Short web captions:
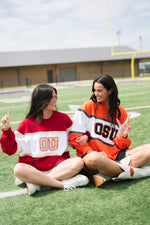 College gameday sweatshirt Oklahoma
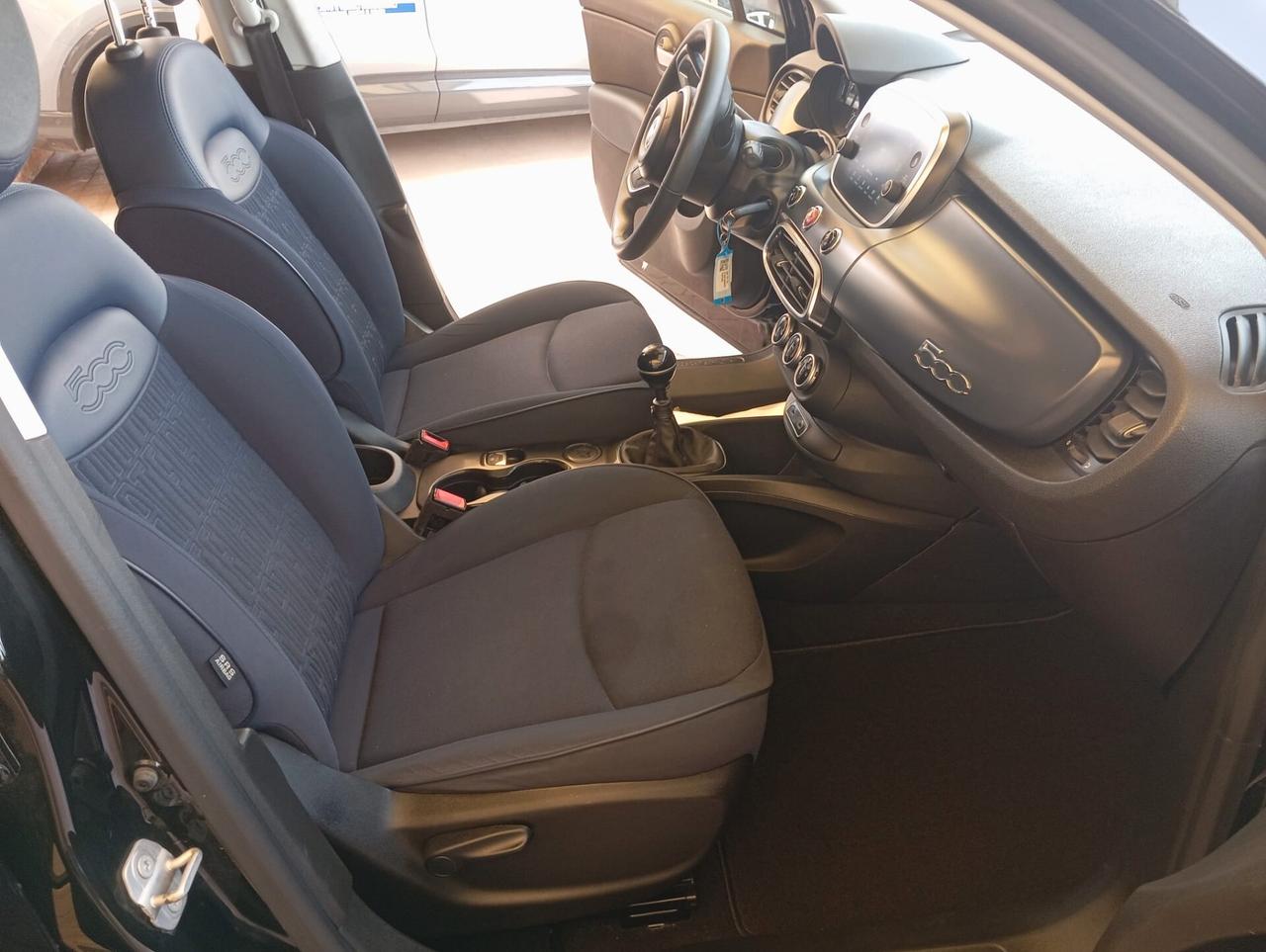 Fiat 500X 1.3 MultiJet 95 CV Club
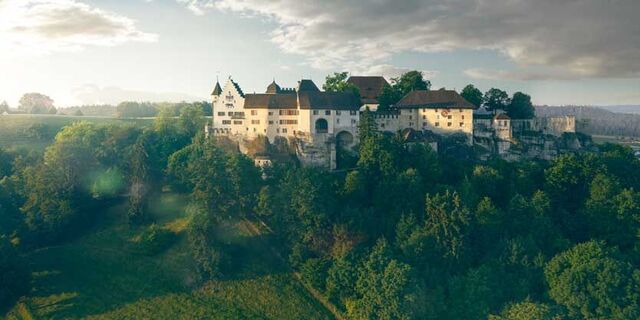 Schloss Lenzburg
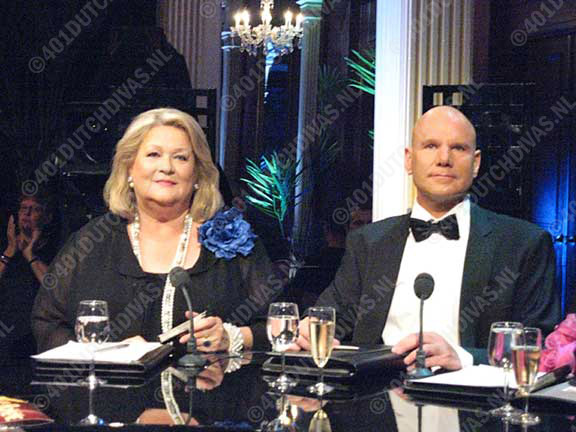 Annett Andriesen en Jeroen Lopes Cardozo in 'Una Voce Particolare' Annett Andriesen en Jeroen Lopes Cardozo in 'Una Voce Particolare'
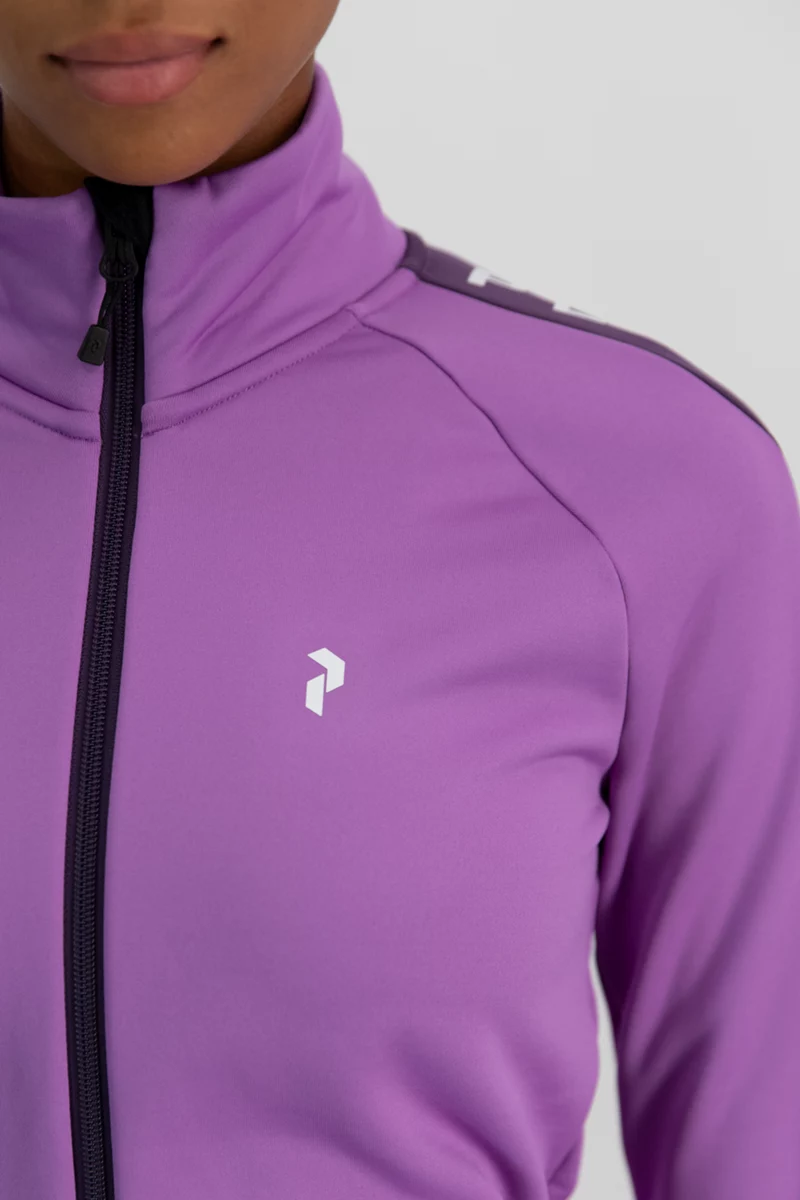 PEAK PERFORMANCE Rider Zip Damen Midlayer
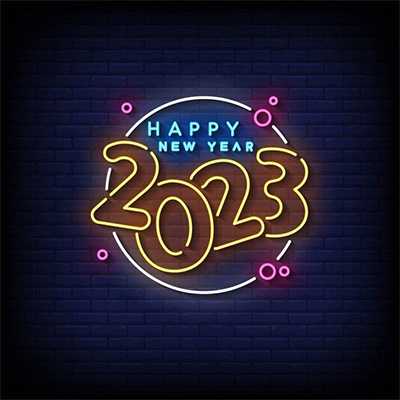 Happy New Year 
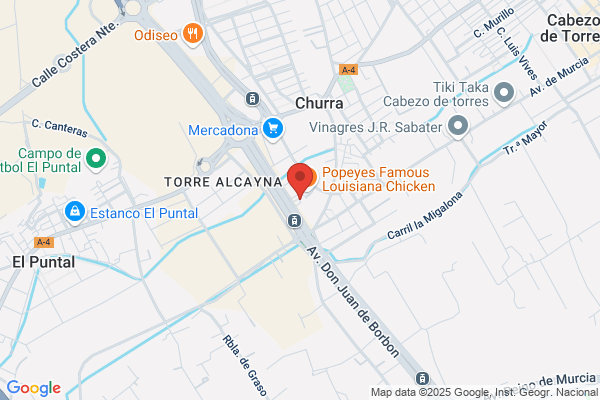 Estación De Servicio Campsa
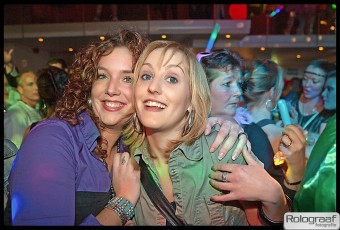 Disco Train- Disco+Classics Party, Dekker Warmond, November 2009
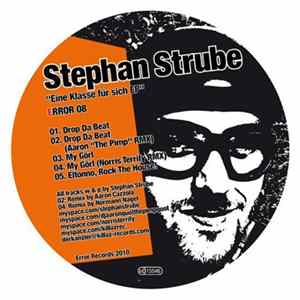 Stephan Strube - Eine Klasse Für Sich EP Album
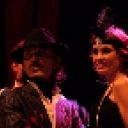 Mathew Williamson and Sara Colohan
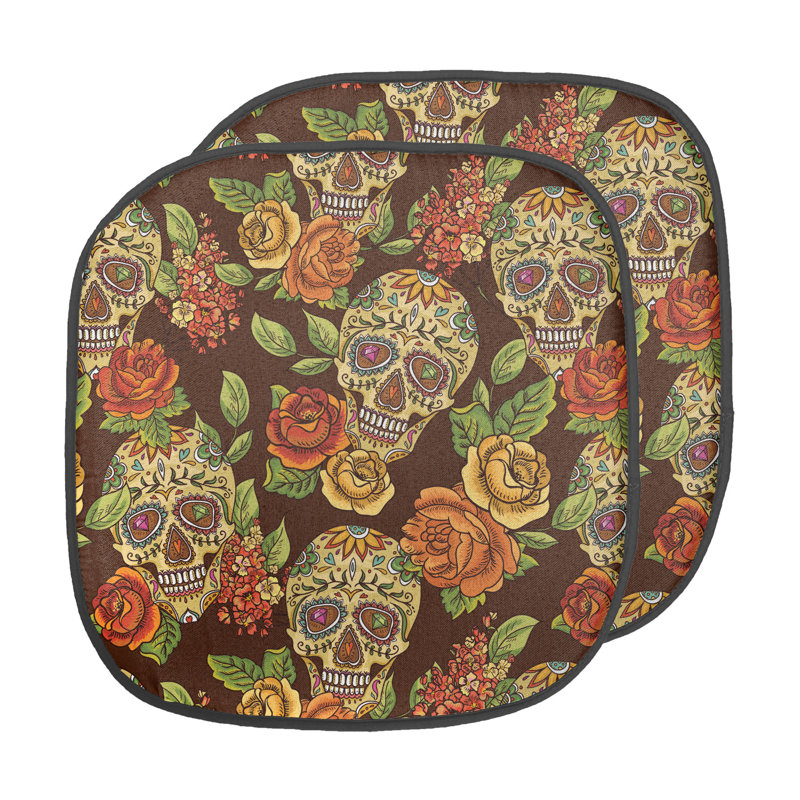 Outdoor 1.38'' Dining Chair Seat Cushion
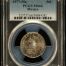 Modern Silver & Minors 50 Centavo 1977 Mo PCGS MS66 0148838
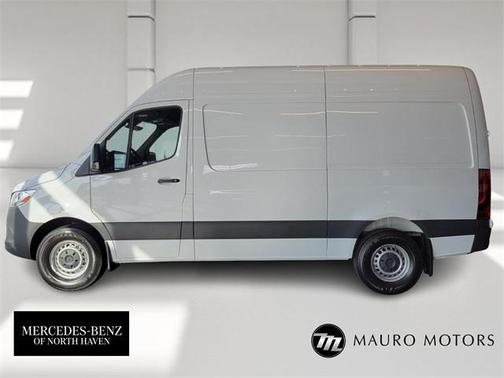 2025 Mercedes-Benz Sprinter 2500 Standard Roof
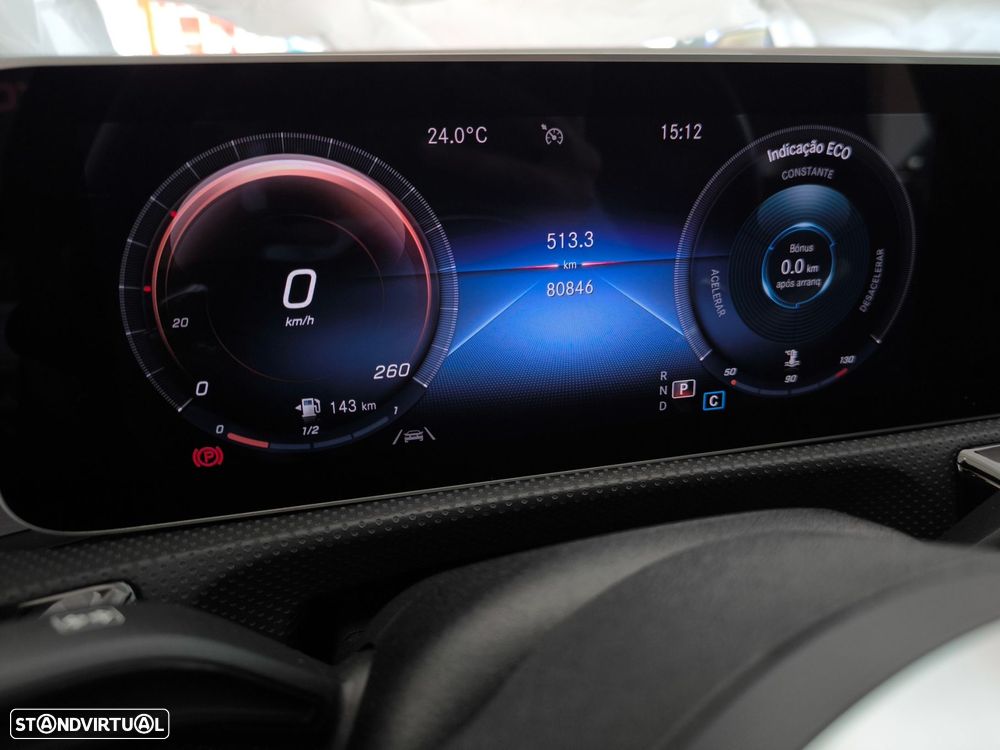 Mercedes-Benz CLA 180 d Shooting Brake AMG Line Aut. - 20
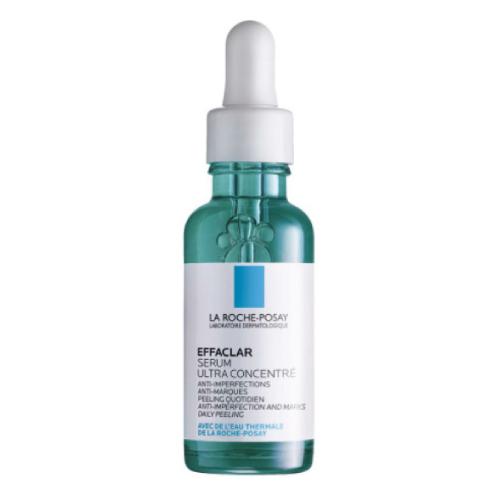 Miniaturka artykułu - La Roche-Posay Effaclar Skoncentrowane Serum do twarzy, 30 ml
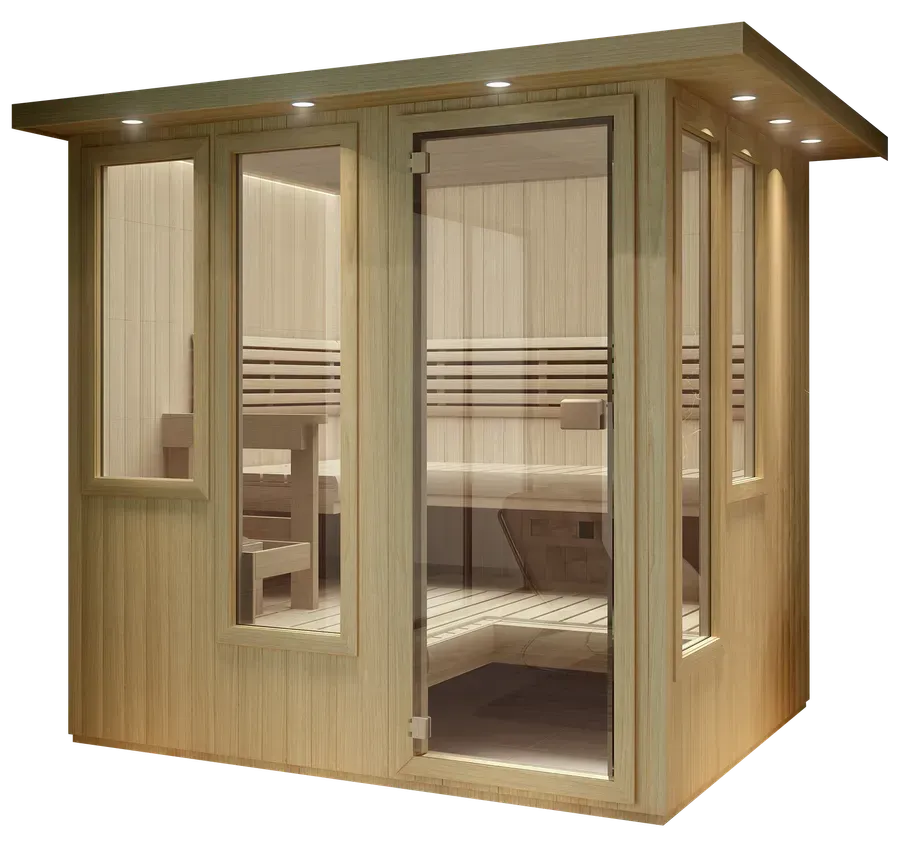 Mystique Sauna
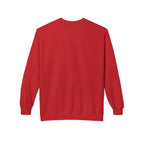 Good Is the Vibe Crewneck Sweatshirt - Positive Minimal Message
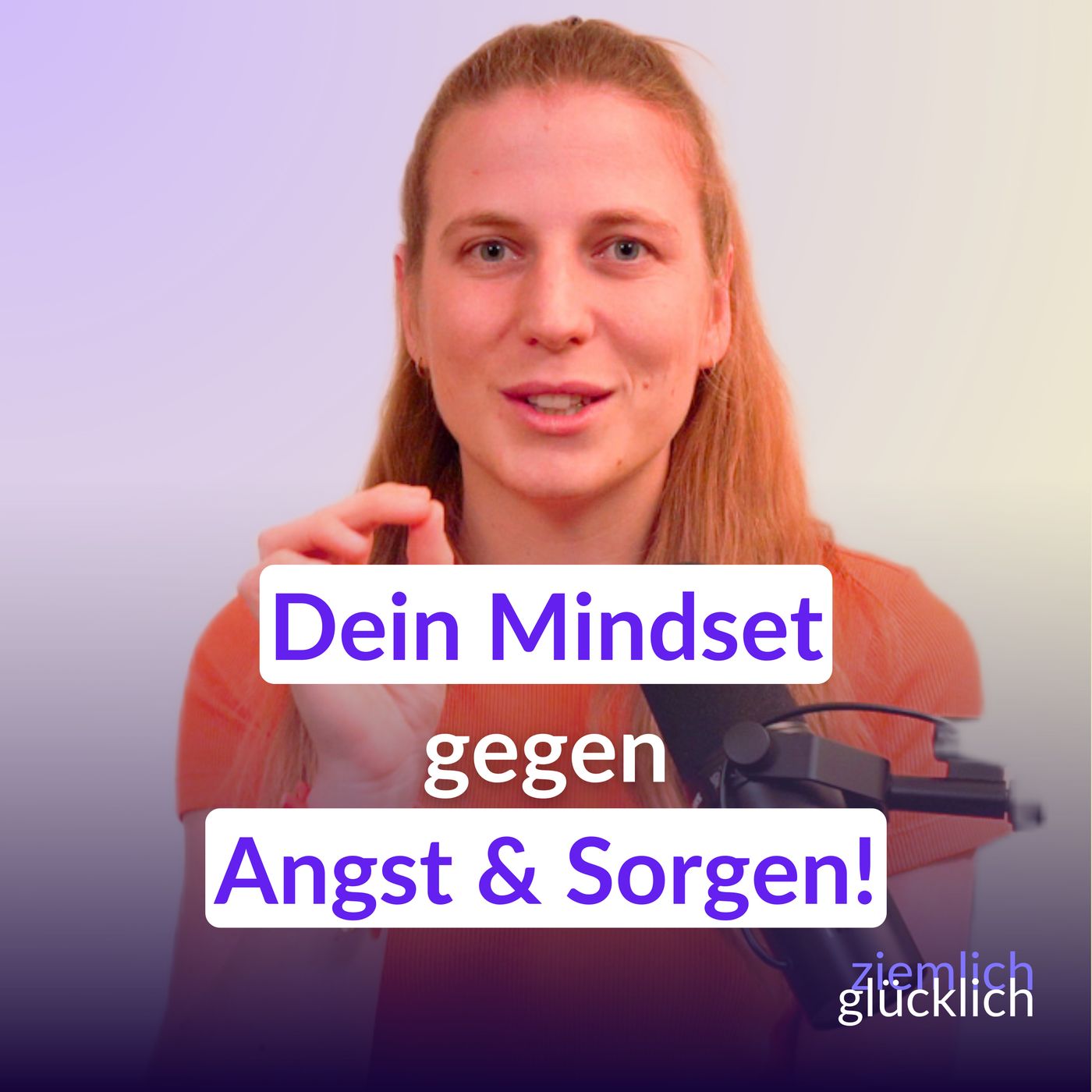 Vertrauen ins Leben stärken: So kannst du endlich dein Mindset ändern! episode artwork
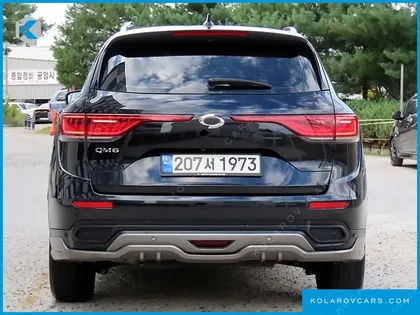 RENAULT KOREA QM6 (KOLEOS) 2.0 GDE LE SIGNATURE 2WD
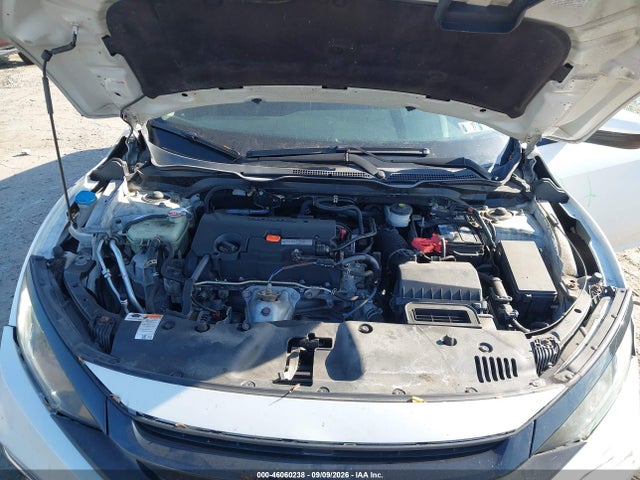 Продаж на аукціоні авто 2019 Honda Civic Lx, vin: 2HGFC2F6XKH592581, номер лоту: 46060238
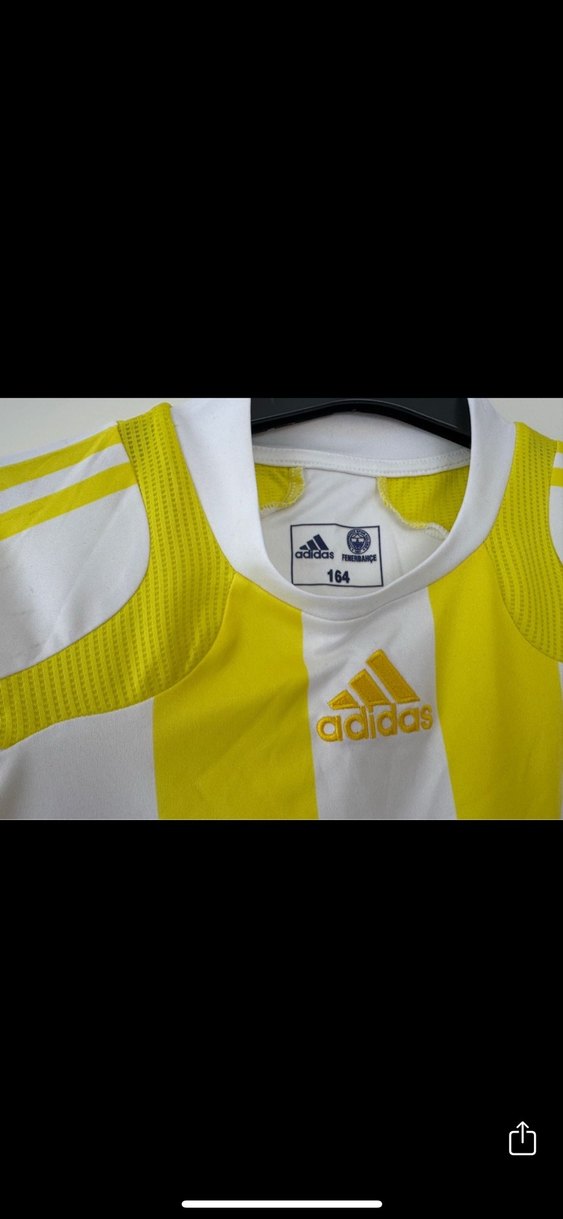 100.yıl koleksiyonluk forması - Görsel 2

▸ **Task description**: What the answer needs is every line from the one containing "Vertrauen ins Leben" through the final line of the data above, copied exactly, without pictures.

▸ **Response to this exercise**:
 Vertrauen ins Leben stärken: So kannst du endlich dein Mindset ändern! episode artwork
 RENAULT KOREA QM6 (KOLEOS) 2.0 GDE LE SIGNATURE 2WD
 Продаж на аукціоні авто 2019 Honda Civic Lx, vin: 2HGFC2F6XKH592581, номер лоту: 46060238
 100.yıl koleksiyonluk forması - Görsel 2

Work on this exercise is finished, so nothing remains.